Every so often, I need to make a post at my website to introduce myself and share a bit about what I do. This helps keep my website relevant in the ever-important search engines. So hello! I’m an artist who uses paints made from rocks 🙂 I live in Kingston, Arkansas and have a studio in Alpena.
Paints Made From Rocks
Yep, you heard that right. If you do a quick search online for that term, what you’ll find are a lot of results that show the art of painting ON rocks. But not much at all about an artist using rocks to make paints. The former is quite common to do, and the latter is gaining a lot of momentum. A renaissance is booming as more and more artists learn about the pigments that can be found in rocks and minerals.
Here’s where you can see my art that I made using paints made from rocks.
Actually, pigments from rocks are still commonly used to make commercial paints. And before paints were available in tubes, it was the main source of pigments for all artists. Different areas of the world have different shades of ochres (some of these are quite famous, like these in France), and minerals and rocks from different places make different colors. I use the ones I can find right here at home in northwest Arkansas.

What About the Variety in Colors?
You might wonder what the colors look like. If you’ve heard of ochres, that’s how the colors I get from rocks look. They’re all earthy. In general, I get about 5 different colors and a lot of shades of those colors because each rock varies a little in how it leans towards brown. Here in the Ozarks, there’s no rocks that give me bright colors of any hue. And no blue at all.
I Use a Limited Palette
Most artists use a mixture of store-bought and handmade paints so that they can have a full palette of color to make the paintings they like. I’ve tried to use as little as I can of outside resources when I make my art. For watercolors, I don’t have to buy any other colors or pigments. With oils, I do buy titanium white pigment powder to make an opaque white paint. This does mean that I have to do without bright colors on my palette, though. And sometimes it means I can’t obtain life-like colors. Fortunately, a lot of what I like to paint has a lot of earthy tones. And some of the, like the birds of prey, are actually very close to the pigments I have on my palette.
Some of the Paintings I’ve Made Using Paint Made from Rocks
These are oil paintings. I made the paints by grinding the rocks (I also use soot) and mixing the powders with linseed oil. To get different values for each color, I use titanium white to adjust. You can most of the paintings I’ve done by visiting my portfolio page. The art is arranged by year of completion, so if you want to see earlier works, just click on the year in the menu.

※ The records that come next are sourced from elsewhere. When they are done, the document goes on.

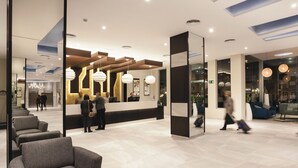 Een moderne hotel lobby met een receptiebalie, zithoek en grote ramen.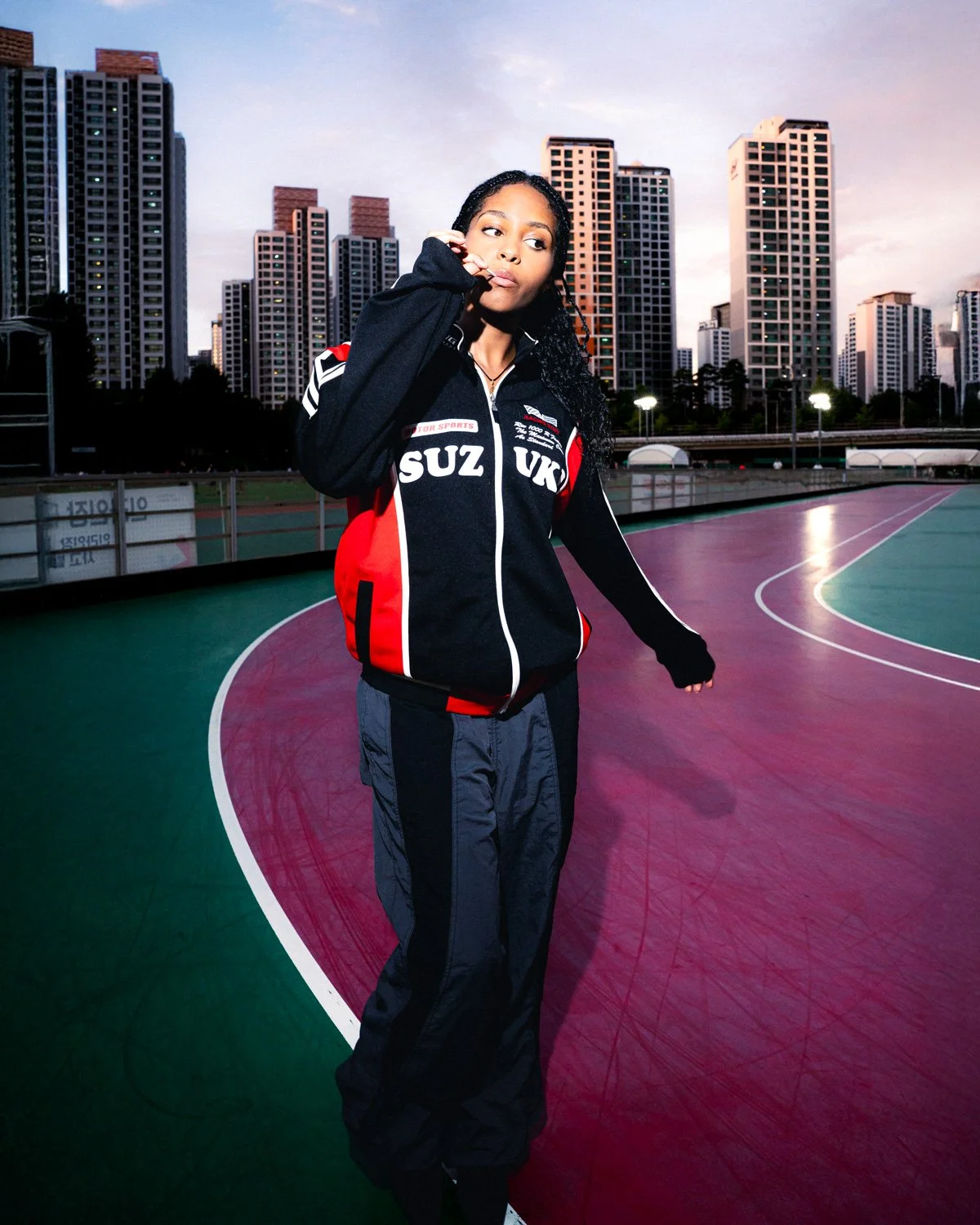 Une jeune femme avec des cheveux bouclés portant un sweat à capuche noir avec des détails rouges et blancs, et un pantalon noir, se tient sur une piste de sport en ville au crépuscule, avec des gratte-ciel en arrière-plan.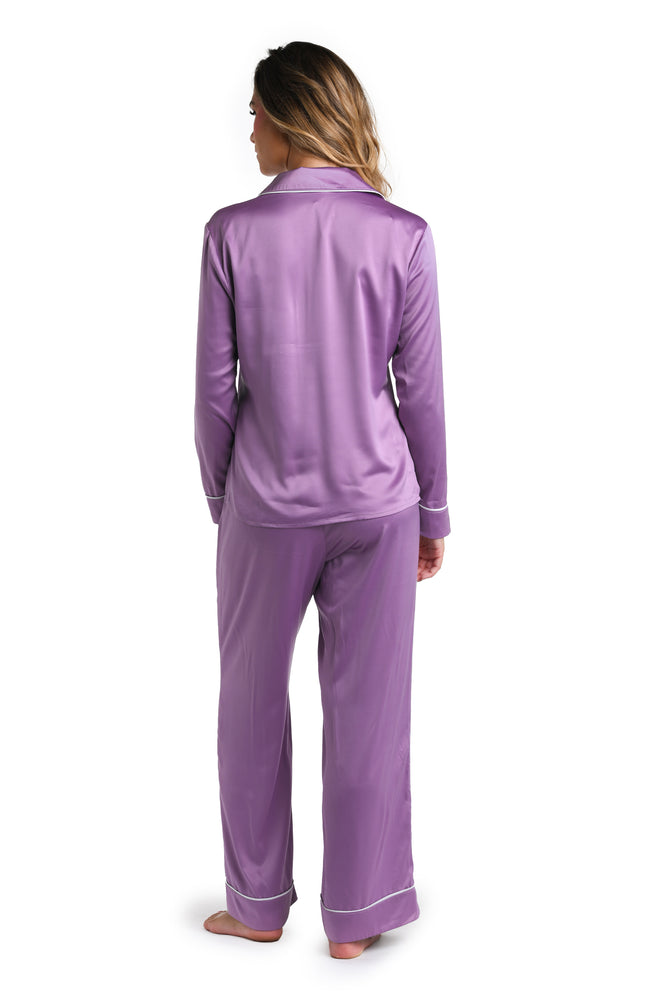 Model is wearing a purple and white pajama set from our Rest Assured collection.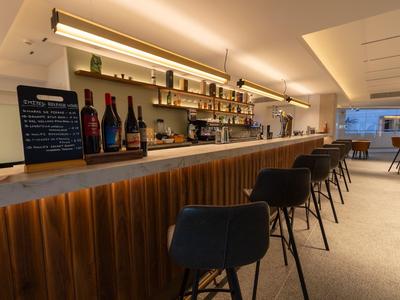 Moderner Hotelbarbereich mit Holztheke und schwarzen Barhockern, beleuchtet und gemütlich.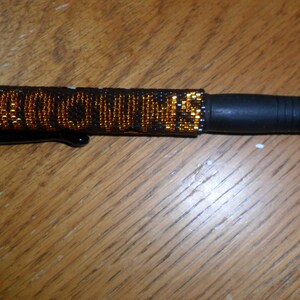 BROWNS Hand Beaded Pen Wrap image 1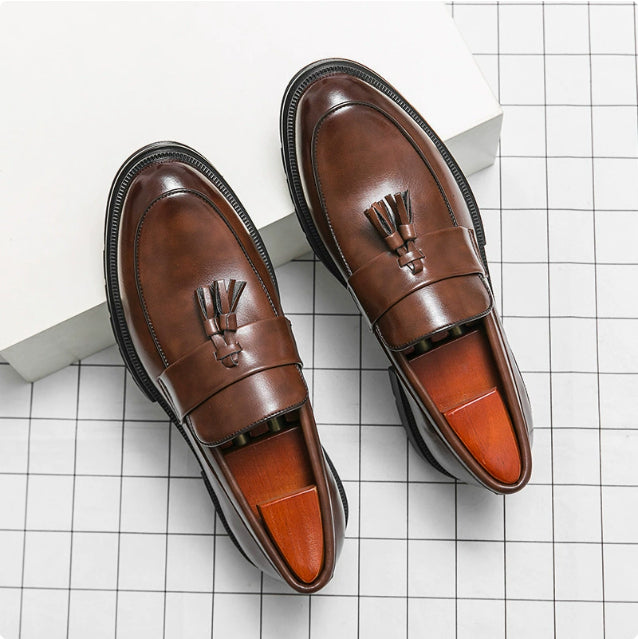Brown leather tassel loafers, pair view, with contrast topstitching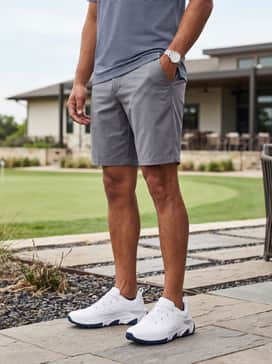 Ua Halo Tour Spikeless – Tailored grey shorts matched with a navy-and-white striped golf shirt and no-show socks for a breezy, athletic summer look.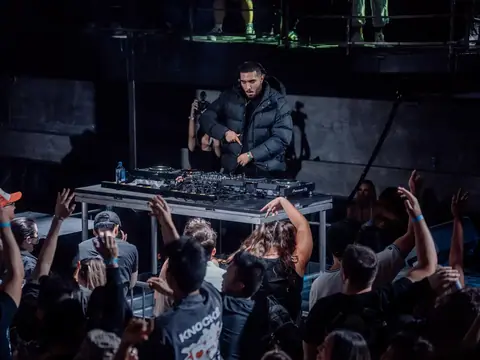 DJ performing in the booth above the crowd at The Catwalk Club, Downtown LA (Sat 18 June)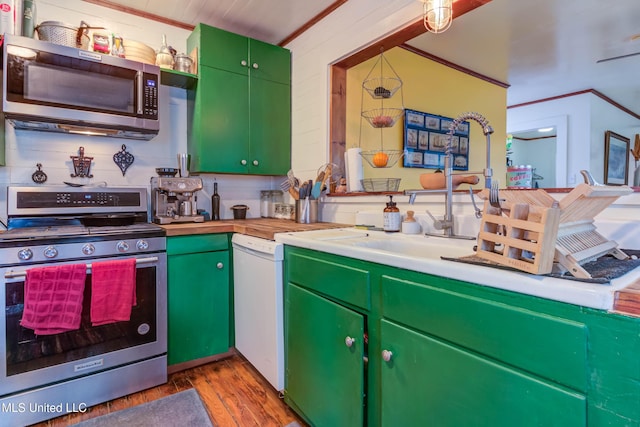 kitchen featuring ornamental molding, appliances with stainless steel finishes, light hardwood / wood-style floors, and green cabinets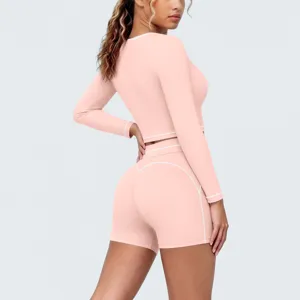 Detail shot of pink long sleeve activewear set with white piping, elastic yoga shorts.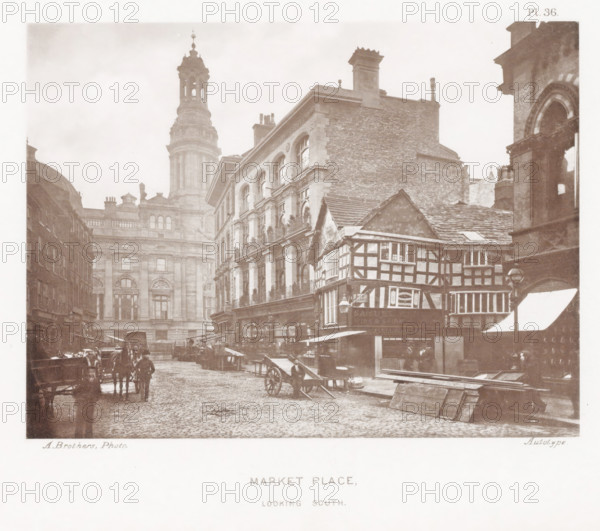 Market Place, looking south, View of Market Place in Manchester with a view of the tower of the Royal Exchange, page, photomechanical print, number: 'Pl. 36.', photographer: Brothers, Alfred, Manchester, cliché maker: anonymous, c. 1868 - in or before 1878, printer (person), paper, collotype, photoprint, height 138 mm x width 185 mm, market, hand-cart, tower, clock tower, monumental adornment, A sepia-toned street scene showing a cobbled road flanked by multi-story buildings of differing styles, including a timber-framed structure with visible exposed beams and small windows, and larger stone buildings with arched windows and decorative façades; a tall domed tower rises in the background with a lantern-like top, and a large brick chimney is visible atop one building; horse-drawn carts and a few people stand or walk along the street near wooden market stalls and piled planks; awnings extend over shopfronts and a projecting lamp hangs from one building; the sky appears pale and overcast.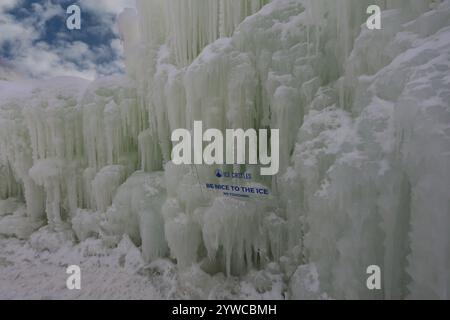 Eine Mauer aus gefrorenem Eis und Eiszapfen ragt über den Himmel mit einem humorvollen Schild in Ice Castles im Genfer See, Wisconsin, USA Stockfoto
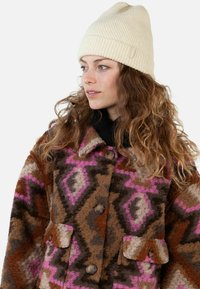 Woman with long curly hair wearing a cream knit beanie and a buttoned patterned coat in brown, pink, and beige tones.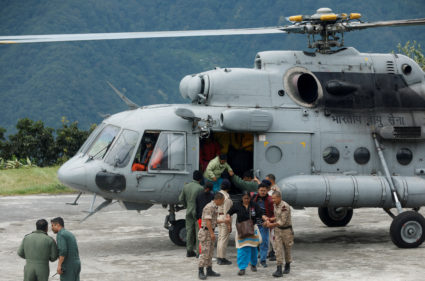 Indian rescuers fly to Himalayan region where flood washed out bridges and killed at least 74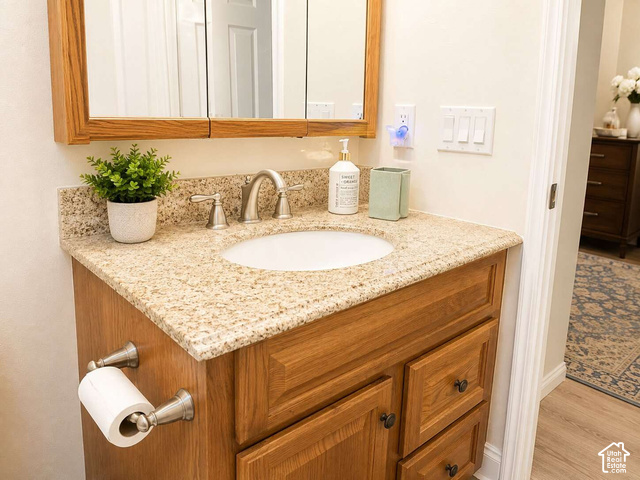 1526 North Dixie Downs Road, Unit 29 St. George, UT 84770 - Photo 13 of 16 Wood-finish vanity with an integrated sink, granite-style countertop, and brushed nickel hardware
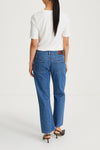 A woman viewed from behind wearing blue straight-leg jeans, a white short-sleeve t-shirt, and black heeled sandals against a plain light gray studio background.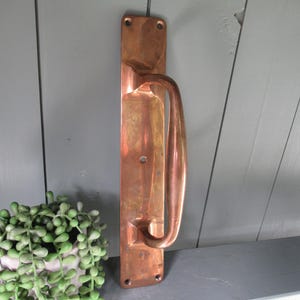 May include: A vintage copper door pull with a rectangular backplate and a curved handle. The door pull has a polished finish and is mounted on a gray wooden surface. The handle is a warm copper color.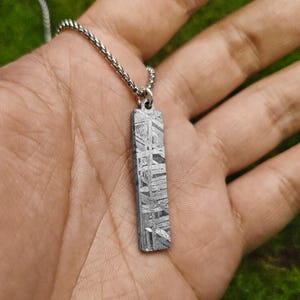 Op de afbeelding: Een zilveren ketting met een rechthoekige hanger gemaakt van meteoriet. De hanger heeft een uniek patroon van lijnen en swirls.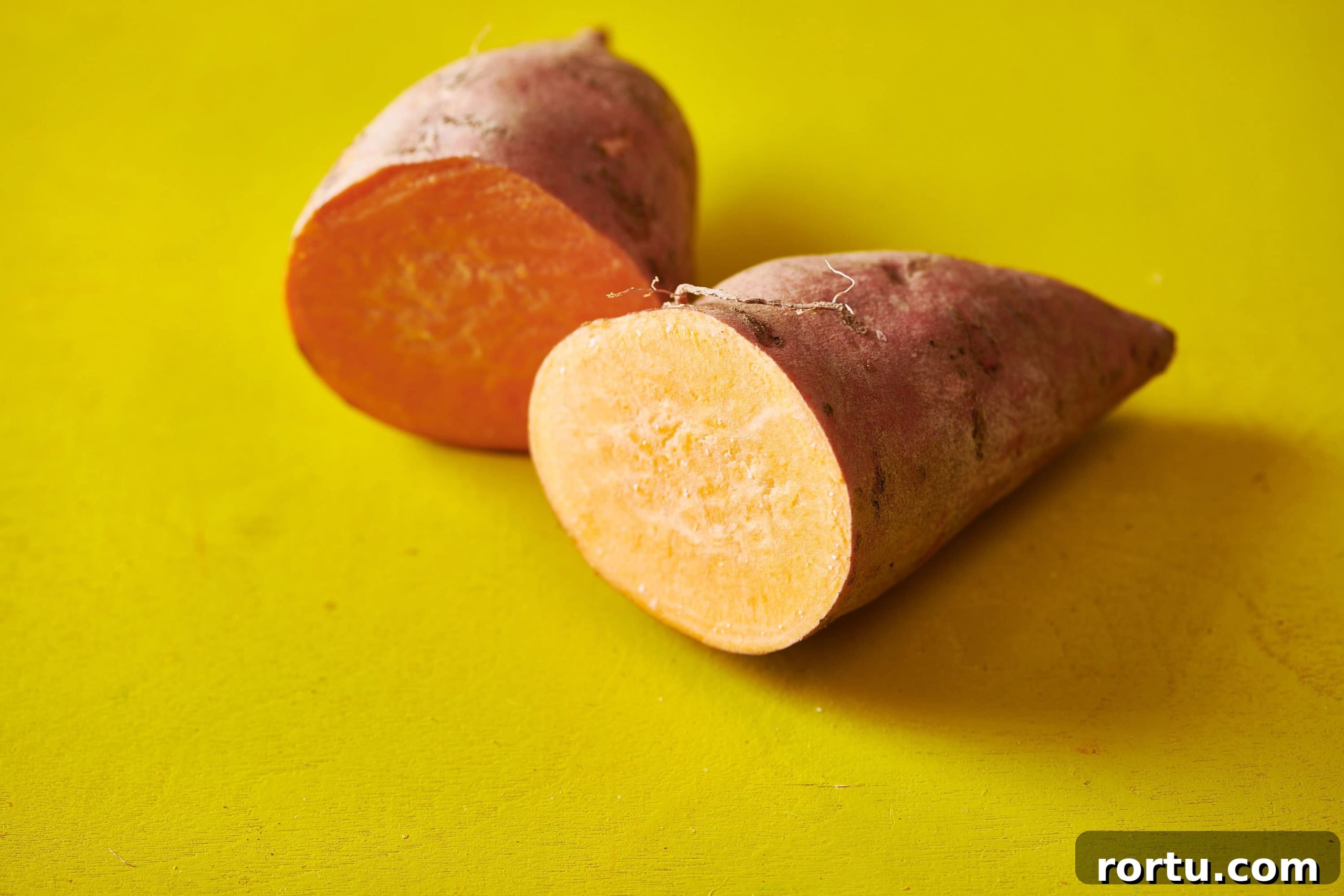 One sweet potato cut in half.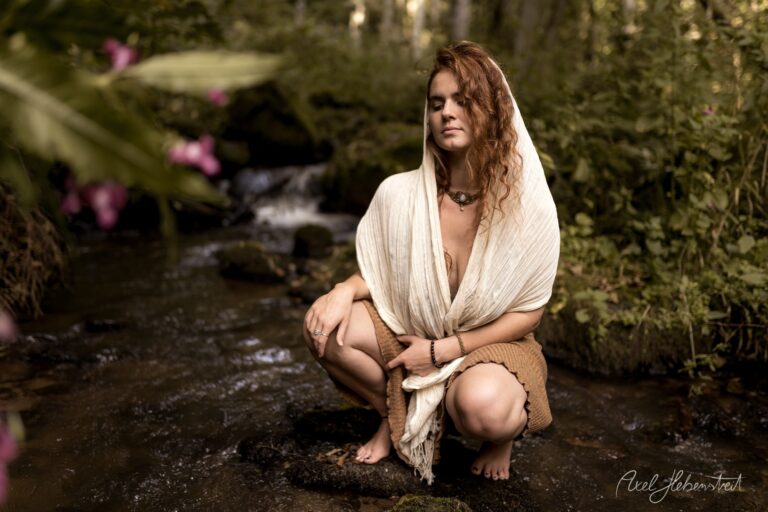 Frau in weißem Tuch sitzt meditativ an einem Bach in grüner Naturlandschaft mit rosa Blüten – © Axel Hebenstreit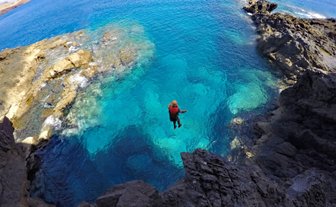 Ein Abenteurer springt von einer Klippe in das glitzernde, türkisfarbene Wasser vor der Küste Madeiras.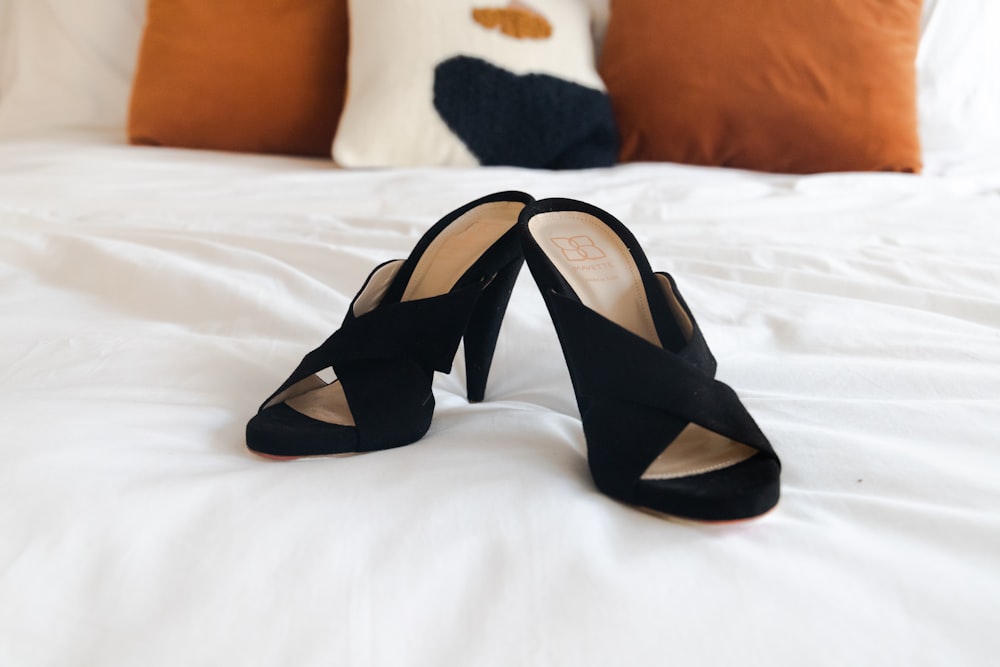black leather peep toe heeled sandals on white bed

Visit an Artist Who Uses Paints Made from Rocks
Now there’s a place to see work by an artist who uses paints made from rocks. My studio is conveniently located between Harrison, Branson, and the northwest Arkansas I49 corridor. Every Saturday is open studio, but if you’d like to make an appointment for other days, just get in touch.
Most of the time I work from home. On studio days, I’m usually working on a new painting, and I’ll finish it later at home. Then, when it’s finished, I’ll bring it back to hang on my gallery walls. I make the paints to sell, too, but right now there’s only watercolors available. To make oil paints uses a lot more pigment powder, and to make the paintings uses a lot more of the paint. So for the moment, I only make enough oil paints for my own use.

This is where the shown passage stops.